What Students Qualify for Coverdell College Savings Plans?
In a major departure from the Section 529 definition of qualifying students, Coverdell qualifying students consist of almost anyone who’s studying anything. You can use distributions from your Coverdell ESA all the way up to and through college and graduate school. There are some caveats, though, that you need to remember.
Age limitations at time of contribution: In general, you have 18 years in which you, or anyone else, for that matter, can fund a Coverdell ESA for your child, from his date of birth until the day before his 18th birthday. After that, you’re done. No matter how much or how little you’ve managed to put away for that student, you can’t add any more to the account. Any increases from now until the termination of the account will have to come from the earnings off your good investments.
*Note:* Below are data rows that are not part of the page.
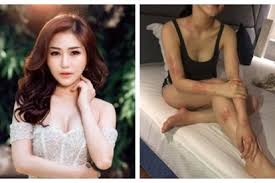 Gạo sen tách ra, cho vào ướp trà. Chá»©ng Bá»‡nh Khiáº¿n Ca SÄ© HÆ°Æ¡ng Tram Khá»'n Khá»• Nguy Hiá»ƒm Ä'áº¿n Má»©c Nao Tin Tá»©c Má»›i Nháº¥t 24h Ä'á»c Bao Lao Ä'á»™ng Online Laodong Vn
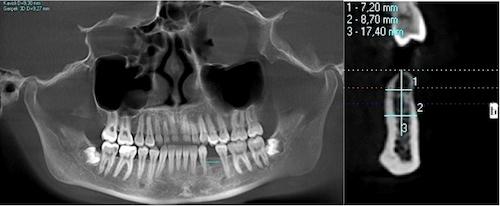58 ÖZER ALKAN-YEŞİM KAYA-BETÜL YÜZBAŞIOĞLU Resim 8: Tedavi başı ve sonu lateral sefalometrik radyografilerin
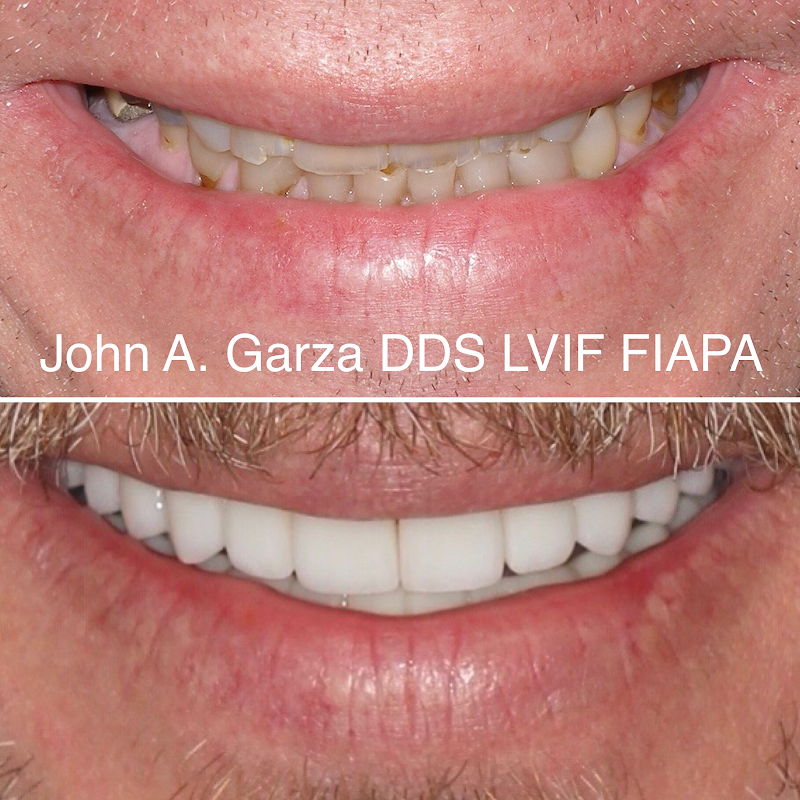 Mountain Smiles Garza PLLC — photo 2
Age limitations at time of distributions: Coverdell ESAs must be completely distributed by the time your designated beneficiary hits his or her 30th birthday. If money is still left in the account on that date, it must be distributed within 30 days, and any earnings on it will be taxed to the beneficiary, plus whacked with a 10 percent penalty.
If you’re fast approaching your beneficiary’s 30th birthday and substantial money that you may not want to be giving as a birthday gift remains in the account, you can change the designated beneficiary on the account to a member of the current beneficiary’s family, provided, however, that the new beneficiary is under age 30.
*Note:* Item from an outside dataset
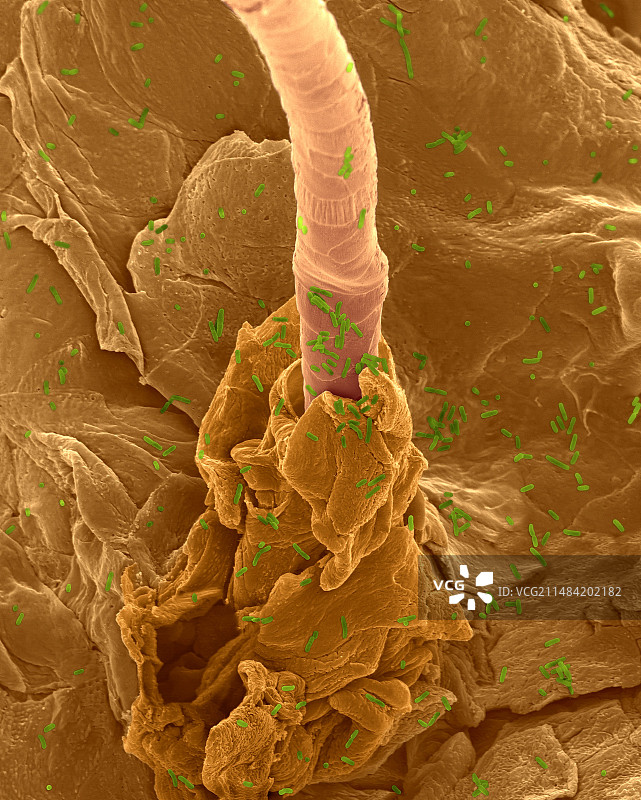 人皮肤和毛囊上的大肠杆菌扫描电镜图图片素材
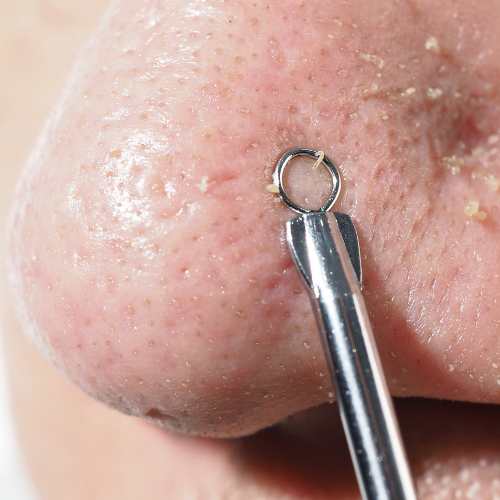 Read more about the article Cara Menghilangkan Komedo di Hidung: 9 Tips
Saving for disabled and special-needs students: While members of Congress have essentially stated that your children should have completed their educations by their 30th birthday, they do recognize that some students will spend their lives in special schools. Accordingly, if you’re the parent or grandparent of a special-needs student, there are no age limitations either on contributions or distributions on behalf of these students.
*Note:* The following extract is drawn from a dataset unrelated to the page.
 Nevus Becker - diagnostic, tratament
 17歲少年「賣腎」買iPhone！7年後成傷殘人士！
Regulations defining who exactly is a special-needs student haven’t been released, and no one is sure where the line defining a disability will be drawn. For instance, total deafness may be included, but 50-percent hearing loss could fall outside the boundaries. If you feel that your student’s disability or special need may not be severe enough to fit a narrow definition and if you’re approaching the ordinary deadline for contributions, you may want to err on the side of caution and stop contributing at age 18 until clearer guidelines are available.